I know this works for finite dimensions but I'm not sure for infinite dimensions since they aren't spanned by the basis.
The word "basis" is ambiguous. In the case of Hilbert spaces, most likely you are talking about the orthonormal basis. In the case of Banach spaces, there is no general notion of "basis", except the Hamel one. But in all cases I know of, a basis is always a subset $B$ of the space $X$, such that the topological closure of the linear span of $B$ is $X$.

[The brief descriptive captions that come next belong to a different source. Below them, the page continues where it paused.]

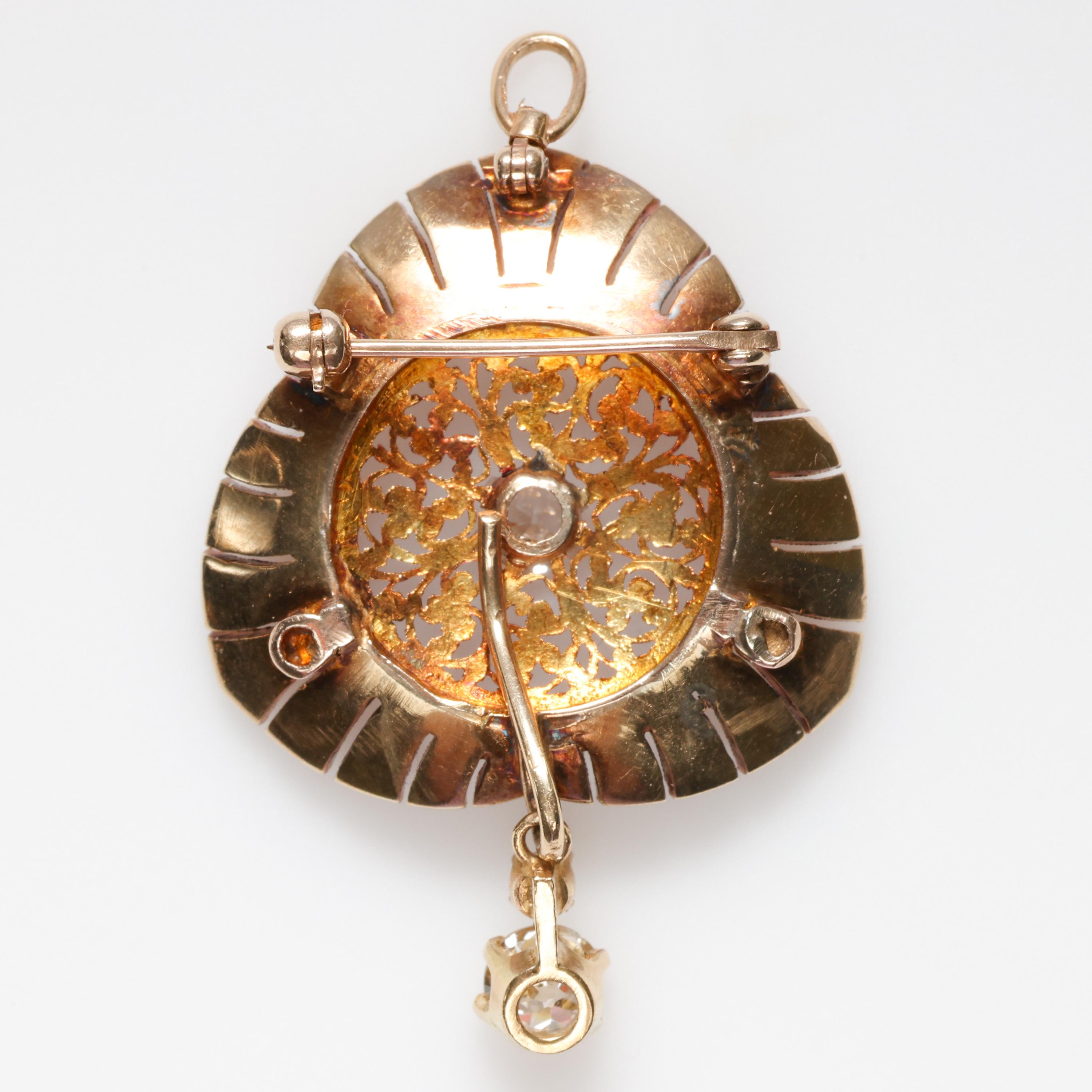 Ornate, exuberant goldsmithing showcases about 1.20 carats of 42 glittering antique rose-cut diamonds and approximately .85 carats of Old European cut stones in this magnificent, baroque-revival pendant /brooch from around 1940.  The total diamond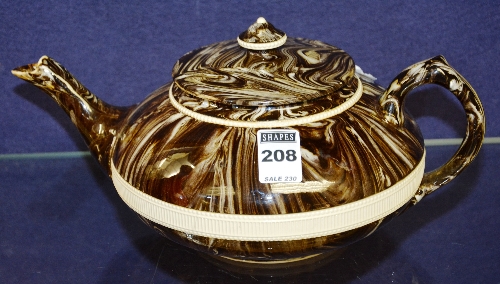 A Moorcroft Macintyre glazed teapot, circa early 20th century,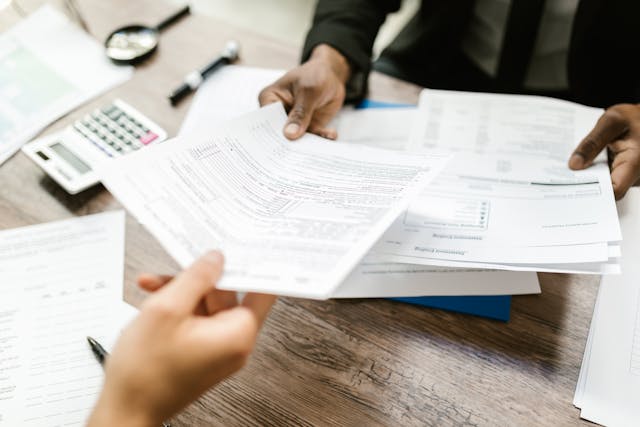 two people looking over tax forms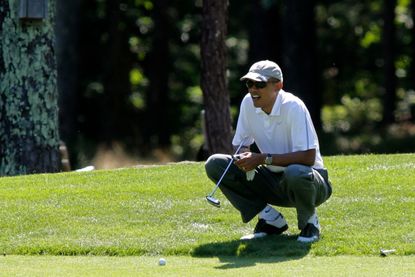 President Barack Obama golfing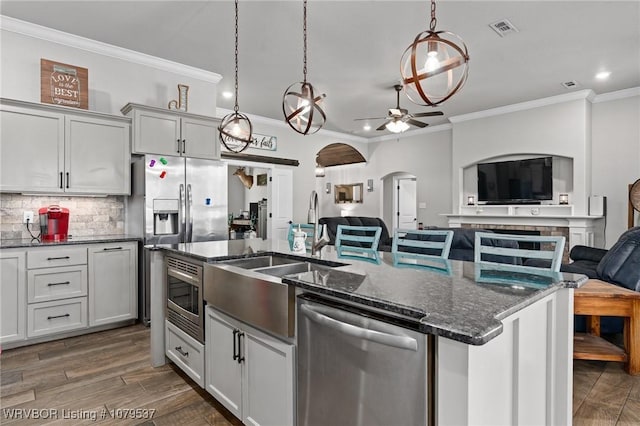 kitchen with visible vents, tasteful backsplash, open floor plan, stainless steel appliances, and arched walkways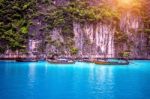 Long Boat And Blue Water At Maya Bay In Phi Phi Island, Krabi Thailand Stock Photo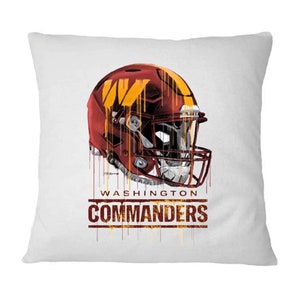 May include: A white cushion featuring a red and gold football helmet with a dripping paint effect. The helmet has a "W" on the side. The text "WASHINGTON COMMANDERS" is below the helmet.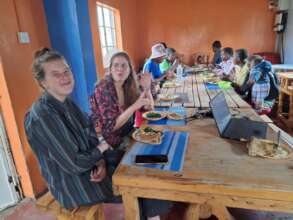 Women and volunteers having lunch during Jamhuri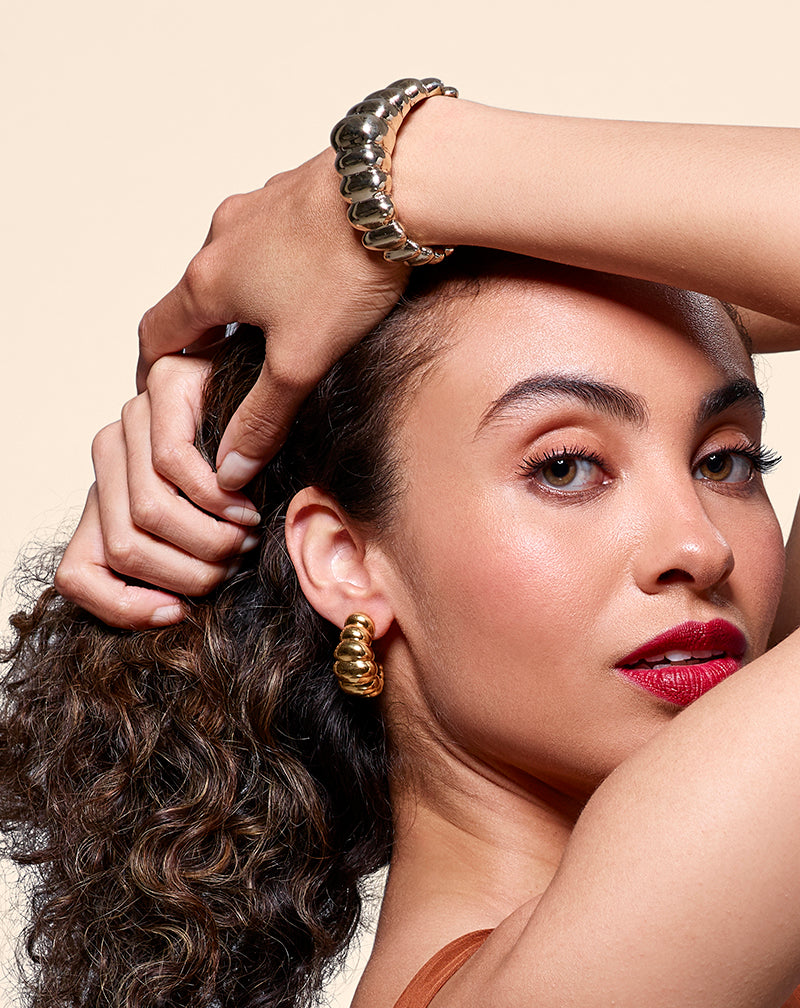 Woman wearing Tufted Earrings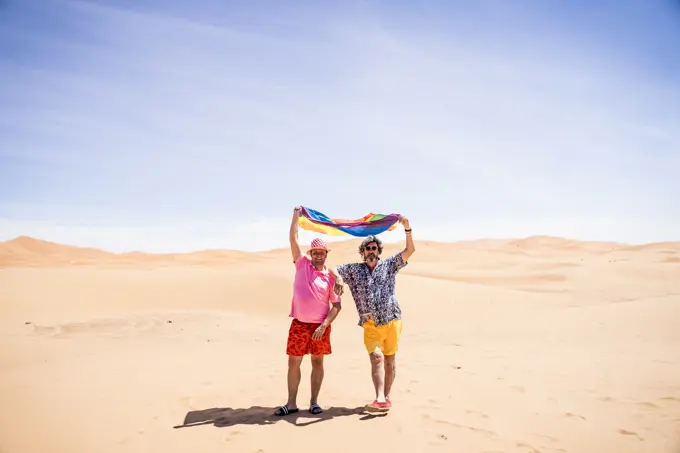 Excited plump gay couple in desert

Now, given a "basis" $B$ of $X$, and an element $v$ from $X^*$ -- the continuous dual, by linearity the action of $v$ on the linear span of $B$ is determined by its action on $B$, and then by continuity, the action of $v$ on $X$ is completely determined as well, since $\operatorname{Span}(B)$ is dense in $X$. In particular, even if a Hilbert space is non-separable, the argument still works.
However, unless $B$ is the Hamel basis, we do need the continuity to conclude. Indeed, if $B$ is not the Hamel basis, then it's easy to show (by Zorn's lemma) that we may find subspace $Y$ such that $X=\operatorname{Span}(B)\oplus Y$ (a pure linear algebra decomposition), and two functionals agreeing with each other on $B$ only guarantees they agree on $\operatorname{Span}(B)$, not necessarily over $Y$, hence not $X$ either. To be more rigorous, we may pick $y\in X\setminus\operatorname{Span}(B)$, and using Zorn's lemma, we may construct two linear functionals $v_1, v_2$ such that $v_1|_B=v_2|_B=0_B$ and $v_1(y)=0, v_2(y)=1$.